Re: [34-longterm 167/179] futex: Fix regression with read onlymappings

From: Hugh Dickins
Date: Tue May 15 2012 - 00:39:43 EST


On Mon, 14 May 2012, Paul Gortmaker wrote:
> From: Shawn Bohrer <sbohrer@xxxxxxxxxxxxxxx>
>
> -------------------
> This is a commit scheduled for the next v2.6.34 longterm release.
> http://git.kernel.org/?p=linux/kernel/git/paulg/longterm-queue-2.6.34.git
> If you see a problem with using this for longterm, please comment.
> -------------------
>
> commit 9ea71503a8ed9184d2d0b8ccc4d269d05f7940ae upstream.
>
> commit 7485d0d3758e8e6491a5c9468114e74dc050785d (futexes: Remove rw
> parameter from get_futex_key()) in 2.6.33 fixed two problems: First, It
> prevented a loop when encountering a ZERO_PAGE. Second, it fixed RW
> MAP_PRIVATE futex operations by forcing the COW to occur by
> unconditionally performing a write access get_user_pages_fast() to get
> the page. The commit also introduced a user-mode regression in that it
> broke futex operations on read-only memory maps. For example, this
> breaks workloads that have one or more reader processes doing a
> FUTEX_WAIT on a futex within a read only shared file mapping, and a
> writer processes that has a writable mapping issuing the FUTEX_WAKE.
>
> This fixes the regression for valid futex operations on RO mappings by
> trying a RO get_user_pages_fast() when the RW get_user_pages_fast()

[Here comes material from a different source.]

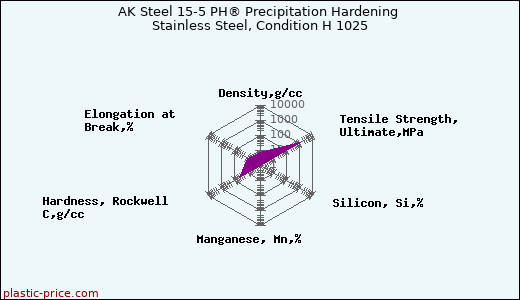 AK Steel 15-5 PH® Precipitation Hardening Stainless Steel, Condition H 1025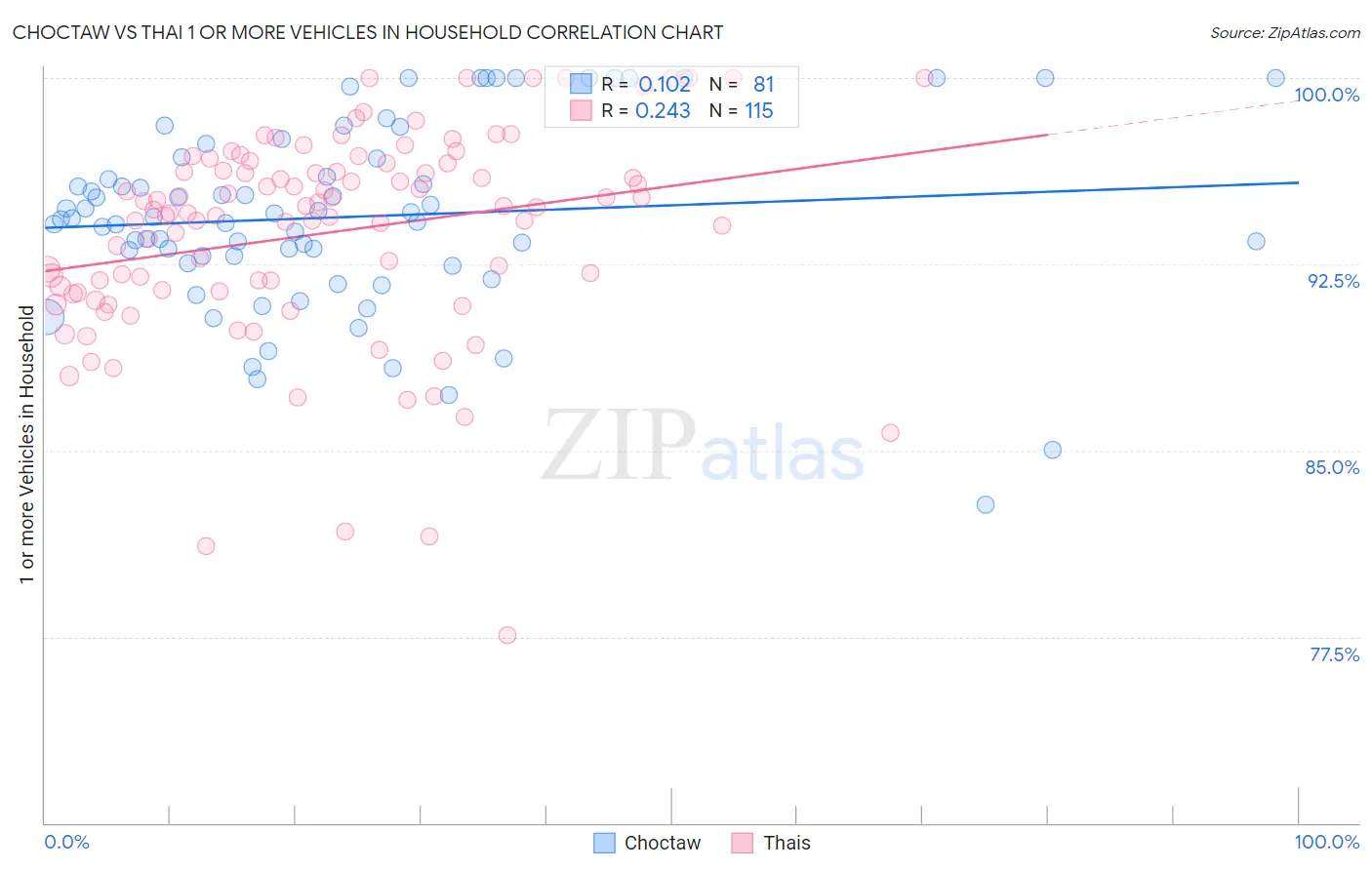 Choctaw vs Thai 1 or more Vehicles in Household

> fails. This change makes it necessary to also check for invalid use
> cases, such as anonymous RO mappings (which can never change) and the
> ZERO_PAGE which the commit referenced above was written to address.
>
> This patch does restore the original behavior with RO MAP_PRIVATE
> mappings, which have inherent user-mode usage problems and don't really
> make sense. With this patch performing a FUTEX_WAIT within a RO
> MAP_PRIVATE mapping will be successfully woken provided another process
> updates the region of the underlying mapped file. However, the mmap()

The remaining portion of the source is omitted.